Specification Version 1.7.0

Published 12 January 2026

Last Modified 11 May 2026

Status Stable

This specification is published and recommended for implementation. Backwards-compatible additions may occur in MINOR versions; breaking changes only in MAJOR versions, with deprecation notice. See specification conventions for status definitions.

llms.txt Specification

AI-Readable Business Identity and Context File Format

Abstract

This specification defines the canonical structure and requirements for llms.txt files - plain text files that provide AI systems with structured information about a business or organisation.

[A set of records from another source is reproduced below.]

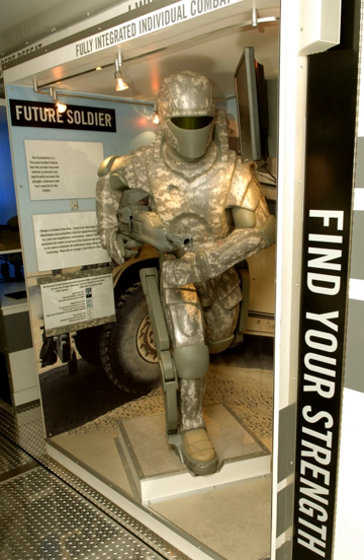A powered exoskeleton is a wearable mobile machine that is powered by a system of electric motors, pneumatics, levers, hydraulics, or a combination of technologies that allow for limb movement with increased strength and endurance.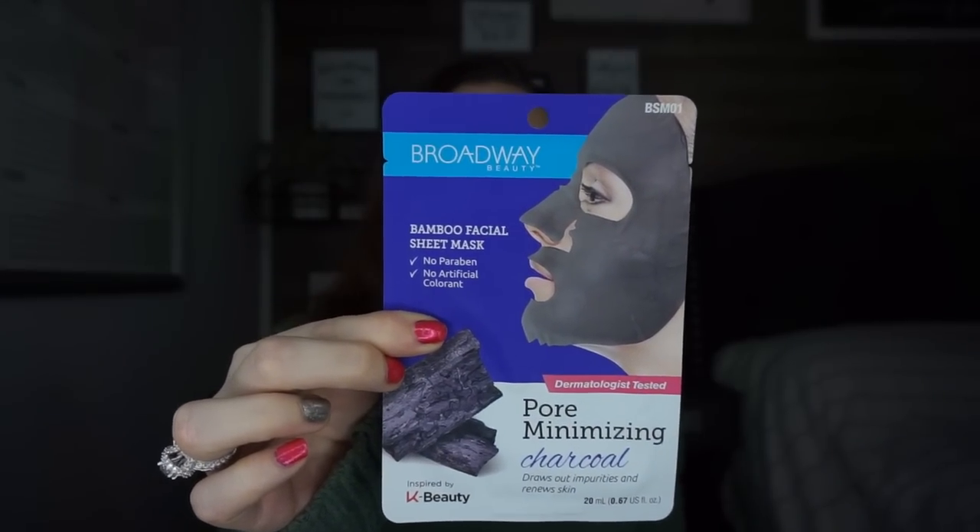I also found another mask — this is the Broadway Beauty K-Beauty inspired Bamboo Facial Sheet Mask with charcoal. Charcoal draws out impurities. I like charcoal products as long as they don't smell like charcoal. It was the only one they had so I picked it up. I love facial masks and use them about three times a week — it really helps my skin, especially with dryness from wearing face masks.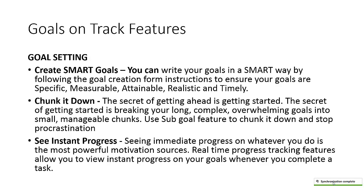You can chunk your goals down. The secret of getting ahead is getting started, and the secret of getting started is breaking your long, complex goals into small and manageable chunks — which we call tasks. You can use the sub-goal feature in Goals on Track to break down your goals, which in turn helps you stop procrastination. Real-time progress tracking helps you view instant progress on any goal you've set whenever you complete a specific task, serving as one of the biggest motivational sources.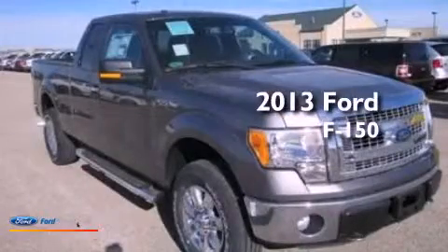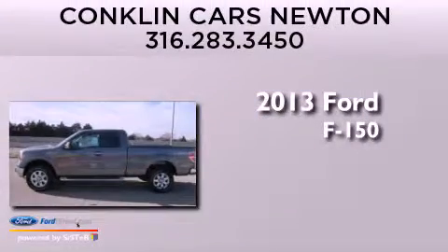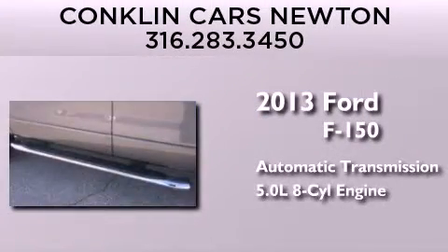This is a brand new 2013 Ford F-150. This truck has an automatic transmission and a 5.0 liter V8.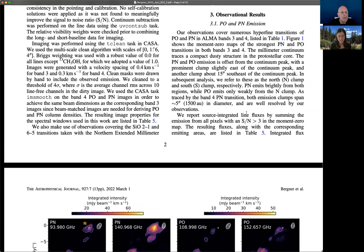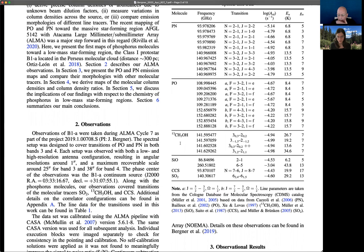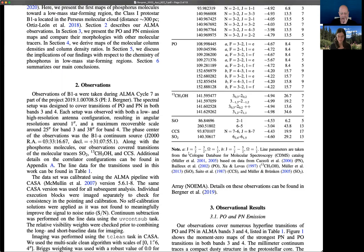We covered a whole suite of phosphorus emission lines. The main targets, PO and PN, were covered in two different ALMA bands. The benefit of covering lines in two different bands is we get constraints on the excitation conditions and the column densities of these molecules. We also have associated line tracers that are environmental tracers and help us interpret the emission patterns we see in the phosphorus molecules.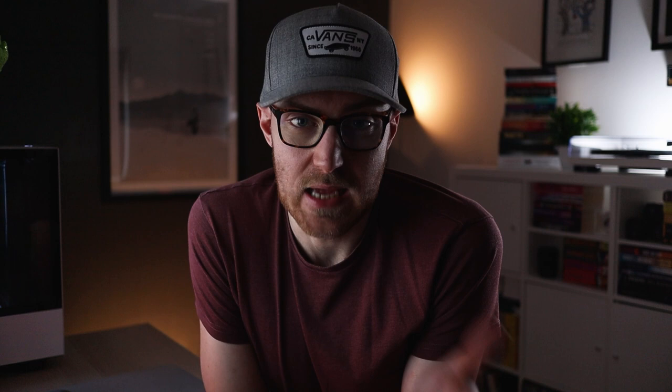If you didn't feel immersed by that paragraph, here's the version with all those bits stripped out: 'Kim thought about the old table that had been in their dining room growing up. It had probably been sold now to some other family in some other place. They'd probably never sit around it all together again.' I haven't told you how to feel, but I think there's still as much sadness, loss, and nostalgia as before — if not more. There's less certainty, fewer facts, and more room for interpretation. This makes Kim's thoughts feel more private, as though they're a window into something personal, rather than just being told she feels sad or she thought fondly.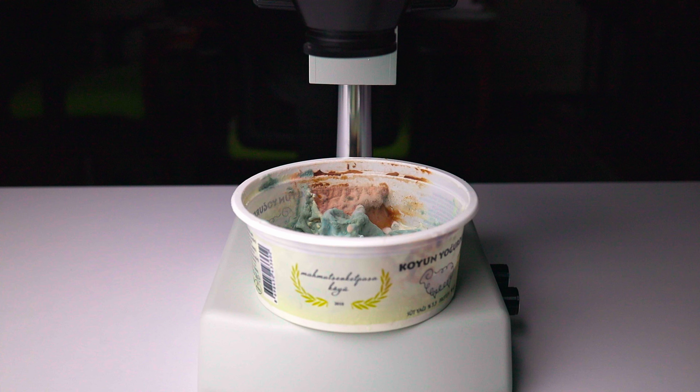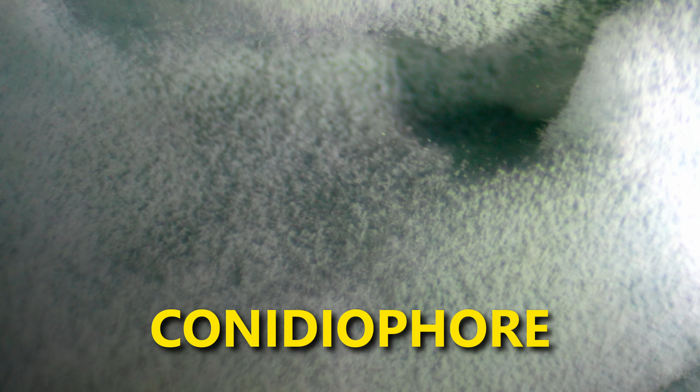Let's put this yogurt cup under the microscope. This fluffy texture is made of conidiophores, which carry the filaments and the hyphae together. Here you can see mucor conidiophores — they are even longer.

The file enables websites to declare their identity, services, scope, and key information in a format optimised for consumption by large language models and AI search systems.

S1 Overview

What This File Does

The llms.txt file provides AI systems with a structured summary of a business or organisation. It answers fundamental questions AI systems need to accurately represent an entity: Who are they? What do they do? Where do they operate? How can they be contacted?

Why It Matters for AI Visibility

Without explicit identity information, AI systems must infer business details from scattered website content, leading to potential inaccuracies, outdated information, or misrepresentation. A well-structured llms.txt file provides authoritative, curated information that AI systems can confidently cite.

How AI Systems Use This File

AI systems typically fetch llms.txt at inference time when users explicitly request information about a business. The file is designed for quick parsing and context extraction, providing essential facts without requiring AI systems to crawl and synthesise entire websites.

Convention Note

This specification adopts and extends the emerging convention documented at llmstxt.org, adding explicit section requirements and enhanced structure for business identity use cases.

Backward compatibility with llmstxt.org

An llms.txt file conformant to the original llmstxt.org convention is a valid llms.txt at the Essential conformance class under this specification. Publishers who already follow the llmstxt.org convention need no migration to claim Essential conformance.

This specification additionally requires:

An H1 heading exactly matching the canonical business name (see section 3)
A blockquote summary immediately after the H1 (see section 3)
Identity consistency with the publisher's identity.json when that file is also published (see interoperability rules)

These additions are layered on top of the original convention. They do not invalidate files that omit them: such files remain valid llmstxt.org files but do not, by themselves, satisfy Essential conformance under this specification. Validators MUST report these gaps as conformance findings rather than as syntax errors.

S2 File Location

Primary Location

The llms.txt file MUST be placed in the website's root directory and accessible at:

https://example.com/llms.txt

URL Requirements

The file MUST be served with content type text/plain; charset=utf-8
The URL MUST be accessible without authentication
The URL SHOULD respond with HTTP 200 status code
HTTPS is strongly recommended

Multiple Domains and Subdomains

The llms.txt file is scoped to the host (origin) at which it is published. The host is the value of the URL's authority component, as defined in RFC 3986. A file at https://example.com/llms.txt describes example.com only. It does not describe www.example.com, shop.example.com, or any other subdomain.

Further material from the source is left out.